À ses yeux, le détaillant émerge de la pandémie mieux équipé qu’avant pour améliorer ses ventes, réduire ses coûts et relever sa rentabilité.

Pour soutenir son évaluation le marchand devra exploiter ses avantages concurrentiels afin de gagner des parts de marché et remplacer les ventes d’articles privilégiés pendant le confinement.

«Si le marchand réussissait à préserver une partie de la croissance pandémique, on peut imaginer un bénéfice 15$ par action en 2022 et un cours de 220$», dit-il. Pour le moment, son cours-cible reste à 195$.

 

La qualité de Dollarama n’est pas bon marché

À court terme, les nouvelles restrictions sanitaires en Ontario nuiront au ventes, mais le détaillant continuera à bénéficier de la solide demande pour les articles pour la maison.

Les ventes et les marges devraient se modérer par rapport aux trimestres forts de l’été et de l’Halloween en 2020. Ce retour à la normale ralentira d’ailleurs la croissance des bénéfices de 27% en 2021 à 15% en 2021, prévoit-il.

Au cours actuel, soit 25 fois le bénéfice prévu, l’action est toutefois déjà bien évaluée en fonction de ce taux de croissance prévu.

Chris Li rappelle que le multiple a historiquement dépassé 25 fois lorsque le bénéfice croissait de plus de 20% par année, grâce à l’expansion des marges.

L’offre éventuelle de produits aux prix de 4,50 et 5$ devrait avoir un effet favorable sur les marges, mais la hausse des coûts en approvisionnement et la compétition d’autres détaillants amortiront son impact sur les marges, entrevoit l’analyste.

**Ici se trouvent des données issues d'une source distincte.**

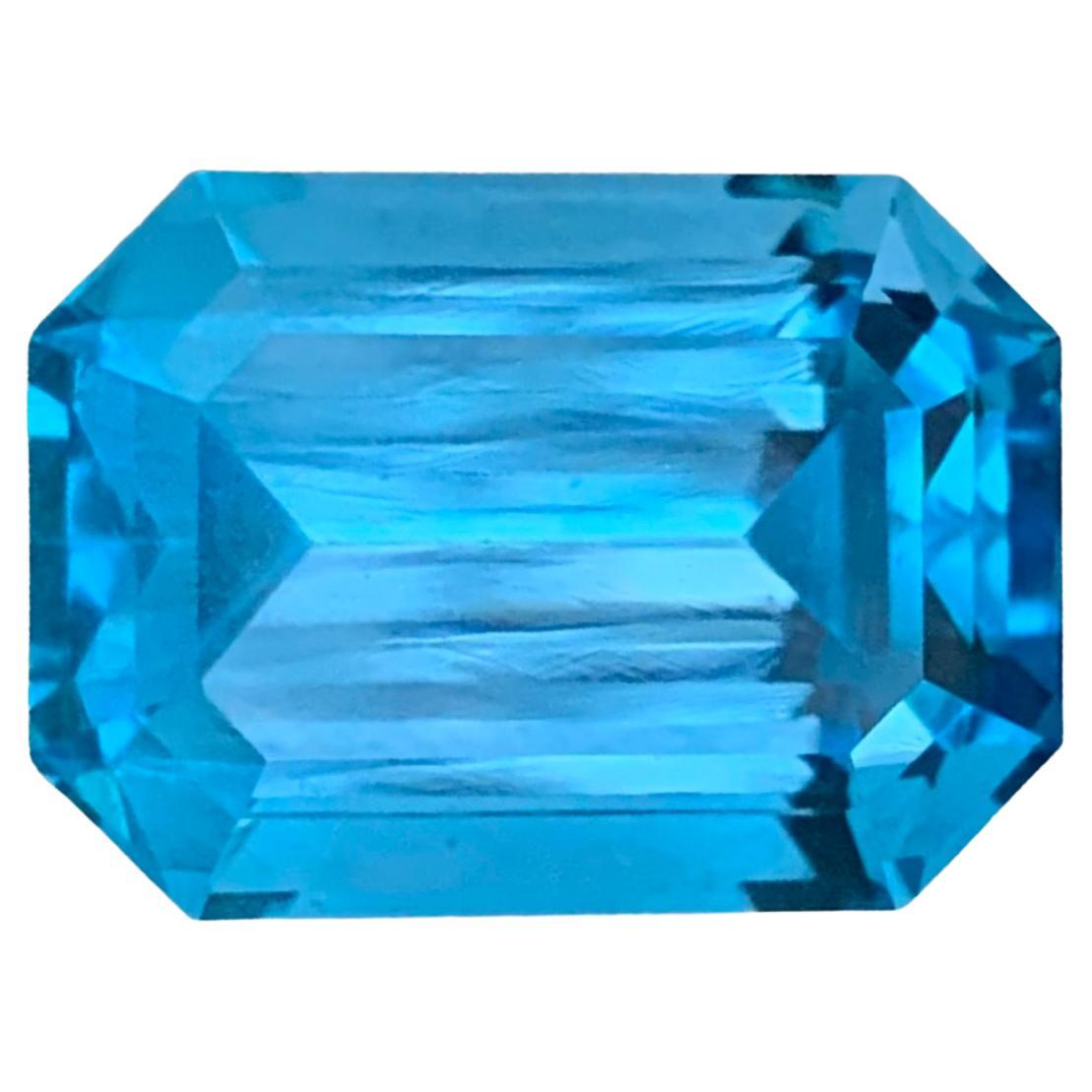 11.75 Carat Natural Loose Swiss Blue Topaz Emerald Shape Gemstone From Brazil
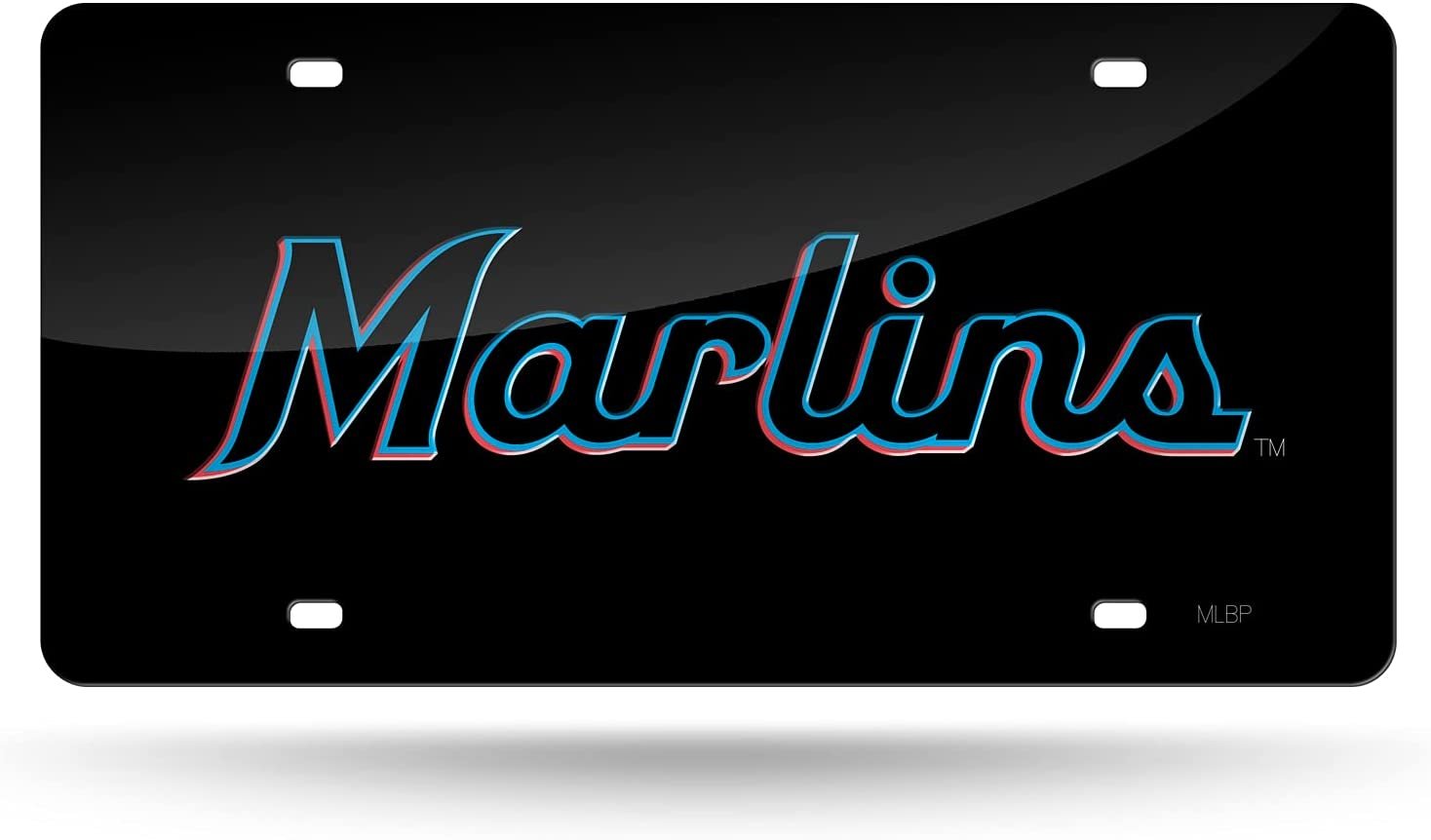 Miami Marlins Premium Laser Cut Tag License Plate, Black Script, Mirrored Acrylic Inlaid, 12x6 Inch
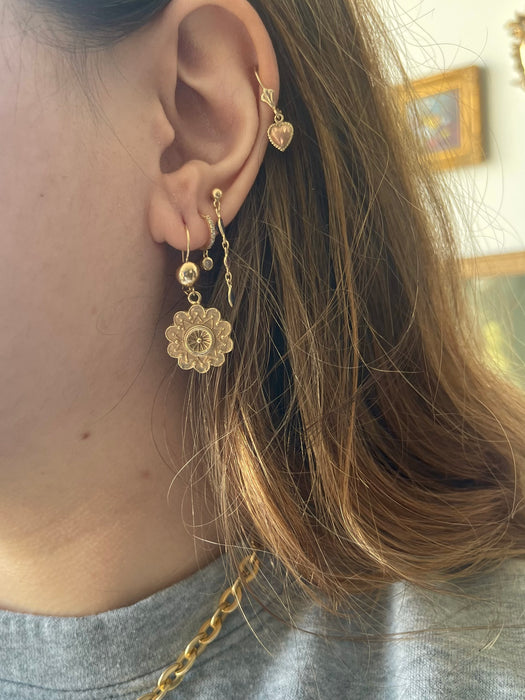 14k Floral Drop Earrings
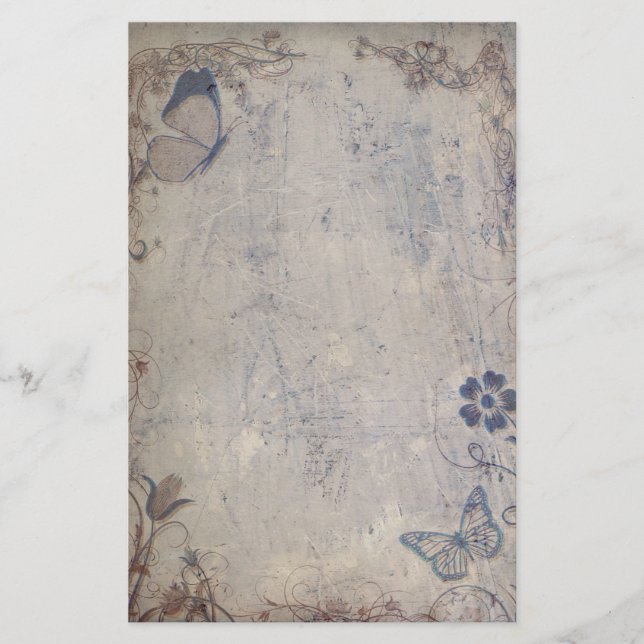 Vintage Butterflies Stationery (Front)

Dollarama atteint déjà le cours cible de 61$ de Chris Li qui repose sur un multiple de 23 fois les bénéfices prévus dans deux ans.

La qualité de la société et son positionnement ne font aucun doute, et l’introduction de prix plus élevés sera un catalyseur, mais l’analyste préfère attendre «un meilleur point d’entrée» avant de recommander le titre à nouveau.

 

Gildan est un bon choix de reprise

La pandémie a obligé le fabricant de t-shirts, chandails, sous-vêtements et chaussettes à sabrer dans ses coûts. L’entreprise croit donc pouvoir dégager des marges d’exploitation de 18% dès que les revenus retrouveront le niveau d’avant la pandémie.

Chris Li y croit, mais pas pour l’an prochain. Gildan gère bien ses dépenses, mais elle n’a aucun contrôle sur le retour des événements corporatifs et culturels qui alimentent la demande pour les t-shirts à imprimer.

L’analyste prévoit que les commandes se rétablissent cette année parce que les fournisseurs de t-shirts à imprimer voudront regarnir leurs stocks pour profiter de la reprise de 2022.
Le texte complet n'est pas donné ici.